Il risque ensuite de menacer l'indépendance des organismes d'HLM, qui collaborent, certes, avec les élus et l'État, mais doivent répondre en toute impartialité aux problématiques suivantes : mettre en œuvre la politique du « Logement d'abord » et du logement des personnes prioritaires ; procéder aux relogements rendus nécessaires par les programmes de rénovation urbaine ; assurer l'atteinte des objectifs de mixité sociale.

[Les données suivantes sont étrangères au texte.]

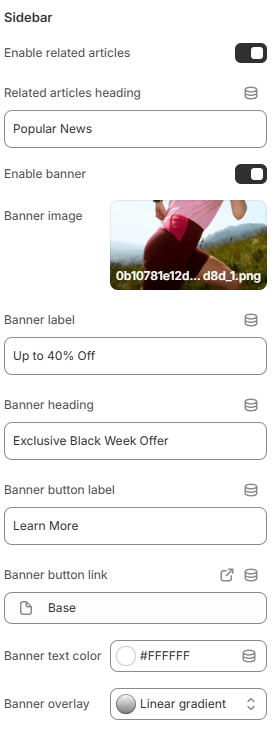 Article template sidebar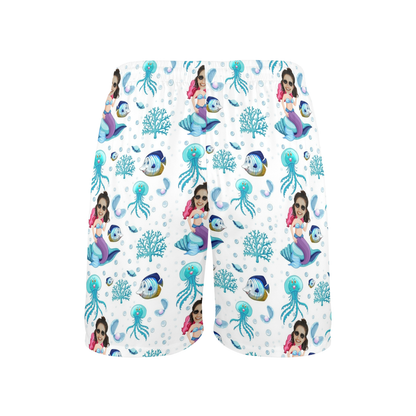Custom Mystic Mermaid Face Beach Shorts | Personalized Photo Men's Elastic Swim Trunks Funny Surprise Gifts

Par ailleurs, il existe déjà des outils ; ils sont certes perfectibles, mais ils gagneraient à être développés et améliorés. En effet, ils permettent aux maires de mieux orienter les attributions de logements sociaux sur leur territoire. Les collectivités peuvent ainsi mettre en place des plans partenariaux de gestion de la demande et d'information des demandeurs ; définir des priorités formalisées dans la cotation de la demande ; éclairer les commissions d'attribution sur l'équilibre des résidences ; définir un cadre commun d'orientation des attributions au travers des conventions intercommunales d'attribution.
Alors que les règles actuelles protègent les élus locaux des recours contre une décision de refus d'attribution – les plaintes sont intentées contre les organismes d'HLM, jamais contre la collectivité locale membre de la commission d'attribution –, le rôle central qu'il est prévu d'accorder aux maires dans cette proposition de loi risque au contraire de les exposer à ce type de poursuites.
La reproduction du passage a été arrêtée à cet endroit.